National Hurricane Preparedness Week runs from April 30 through May 6 and now is a perfect time to make initial preparations in the event of a tropical cyclone.
This year, a possible El Niño weather event may contribute to a below-average 2023 Atlantic Hurricane Season. However, nothing is guaranteed, and as many Virgin Islanders know, it only takes one storm to cause extensive damage and create a life-threatening situation.
The National Oceanic and Atmospheric Administration (NOAA) website offers helpful tips for hurricane safety.
“Be ready for hurricane season. Take action TODAY to be better prepared for when the worst happens,” according to the NOAA website. “Understand your risk from hurricanes and begin pre-season preparations now. Ensure you understand how to interpret forecasts and alerts and know what to do before, during, and after a storm. If you live in hurricane-prone areas, you are encouraged to prepare before hurricane season begins on June 1,” the site explains.
The White House also issued a statement regarding National Hurricane Preparedness Week due to the threat posed by severe storms.

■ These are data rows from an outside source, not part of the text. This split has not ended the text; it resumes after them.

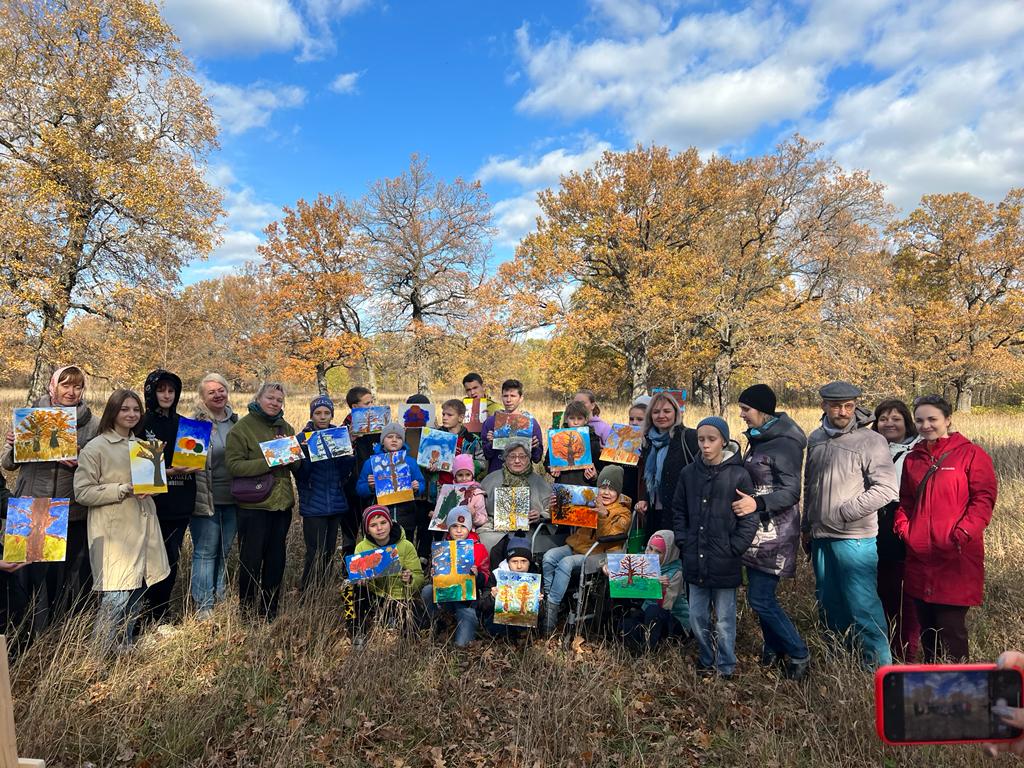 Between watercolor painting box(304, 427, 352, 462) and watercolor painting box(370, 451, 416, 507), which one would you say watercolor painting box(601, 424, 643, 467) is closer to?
watercolor painting box(370, 451, 416, 507)

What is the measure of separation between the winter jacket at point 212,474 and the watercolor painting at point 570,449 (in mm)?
3255

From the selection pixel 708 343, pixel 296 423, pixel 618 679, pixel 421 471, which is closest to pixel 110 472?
pixel 421 471

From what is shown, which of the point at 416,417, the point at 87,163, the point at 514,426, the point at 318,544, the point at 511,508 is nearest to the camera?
the point at 511,508

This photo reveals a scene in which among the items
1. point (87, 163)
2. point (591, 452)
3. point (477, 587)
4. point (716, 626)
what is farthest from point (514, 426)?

“Powerful hurricanes, typhoons, and tropical storms can devastate our communities, threaten the lives of our families, and damage everything we have worked so hard to build,” the White House statement reads. “During National Hurricane Preparedness Week, we raise awareness about the hazards posed by hurricanes and share resources to help Americans stay safe and protect their property before these storms make landfall. We also celebrate the remarkable first responders and community members who help rescue, recover, and rebuild in the aftermath of these natural disasters,” the statement continues.
Before a Hurricane
The period before a storm is critical. Before a cyclone forms, there are steps to ensure safety. The National Weather Service (NWS) and NOAA provide a thorough list. Here are five simplified tips to help get you started.
- Compile an emergency kit, including flashlights, batteries, a first-aid kit, medications, food, water, etc.
- Create an evacuation plan and route. This can include flights off-island as well as locating emergency shelter locations.
- Review insurance documents and ask questions to an insurance agent. Remember that “flood insurance” and “hurricane/wind insurance” policies can be very different.
- Assess your home and evaluate areas in need of reinforcement or repair.
- Become familiar with hurricane/tropical storm alerts and updates. Remember that emergency services may not be available during a storm.
During a Hurricane
Choosing to remain on the island as a storm approaches can be hazardous. Still, some individuals have little choice except to remain and ride out a storm. NOAA and the NWS offer many suggestions to stay safe throughout a hurricane, and five guidelines are listed below.
- Secure outdoor furniture and objects that can cause damage in high winds.
- Stay away from windows.
- Keep a radio and communication device charged up and have extra batteries available.
- Be on guard for rising water. Flood waters can rise very quickly.
- Remember that if the eye of the storm passes over, the weather will temporarily improve. However, since the eye of the storm is at the center of the cyclone, it is just a matter of time before the other side of the hurricane moves over the area, the weather again deteriorates, and high winds return. Remain in a sheltered location until the storm completely passes.
After a Hurricane
Once a severe weather system moves away from the islands, the danger is not over. For example, power outages can last for months, which occurred in the USVI after hurricanes Irma and Maria in 2017. Additionally, fuel may be challenging to obtain for those who utilize generators. Food and water may also be scarce.
NOAA and the NWS share valuable suggestions for steps to take after a storm, and five recommendations are listed below.
- Be alert for hazards such as downed power lines or damaged structures.
- Ensure that generators are placed away from interior areas or spaces where fumes could be inhaled.
- Only drink water if it is deemed safe to do so. Contamination is possible during storms.
- Connect with neighbors and fellow islanders and assess any needs for medical treatment. (Don’t forget about pets and animals, too!)
- Stay updated on the weather and news and monitor for future developments about severe weather or additional cyclone development in the region.
Residents can find information about emergency shelters and alerts from the Virgin Islands Territorial Emergency Management Agency. Additionally, weather alerts from the National Hurricane Center will constantly be updated on the Source Weather Page.